LSFR can also be used as a random number generator. The generated signal that can be picked at any digit of the register, is not fully random (pseudorandom), still reasonably chaotic. The number of possible states (hence the randomness of the signal) would likely increase when increasing the number of bits in the register.
The "theoretically correct" LSFR should use XOR gate, however such device may stall the generator in "all zeros" state. Using XNOR (XOR with inverted output) makes the opposite "all ones" state illegal (stall state), however it is often easier to reset the register to the "all zeros" state on startup. While XNOR-based device is not strictly a LSFR, in practice it behaves largely the same way as a XOR based device.
Register bits from where the signal is picked for the generating the next value for the lowest bit are called taps. The pictured diagram has two taps, the bit 3 and the highest bit 4 (the device may also work with different taps).

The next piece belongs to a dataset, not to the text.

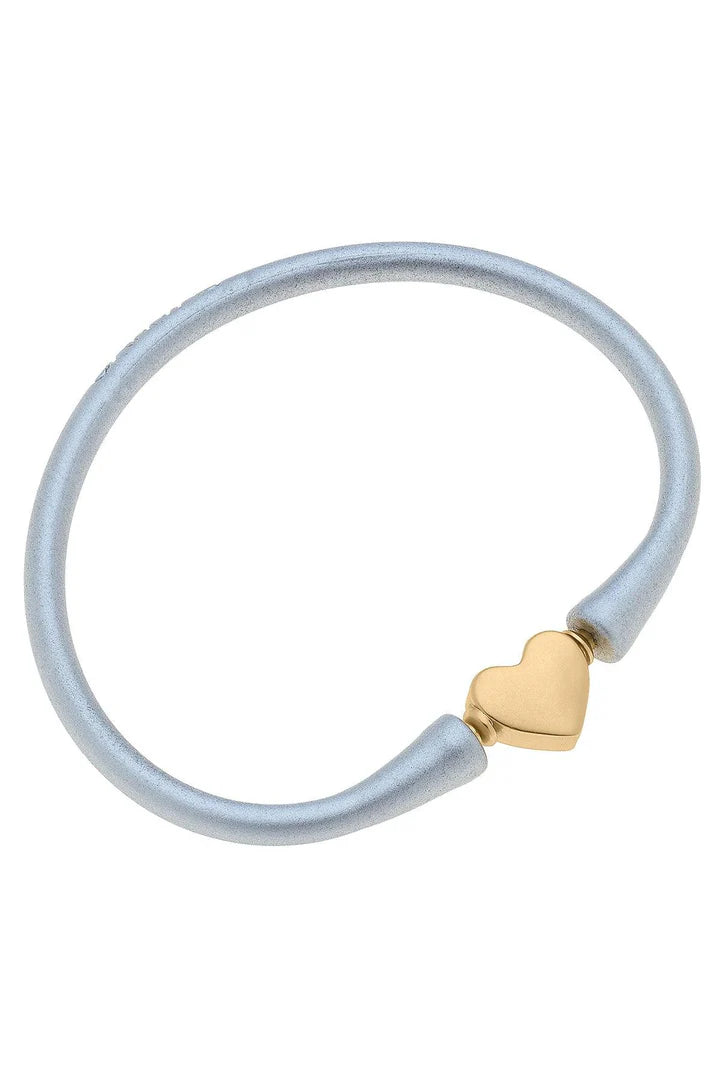 Bali Heart Bead Silicone Bracelet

The LFSR is only a maximum-length if the number of taps is even. Just 2 or 4 taps can suffice even for very long sequences. To produce a maximum length counter, the set of taps — taken all together, not pairwise (i.e. as pairs of elements) — must be relatively prime (there must be no common divisor to all taps). There can several ways of connecting taps to produce a maximum-length LSFR.
Device that only modifies the currently lowest bit (computing it from the tap outputs) is also called a Fibonacci LFSR. If some logic is also inserted to compute values for the intermediate bits (rather than inheriting these values from the lower bit as in usual shift operation), the device is a Galois LFSR.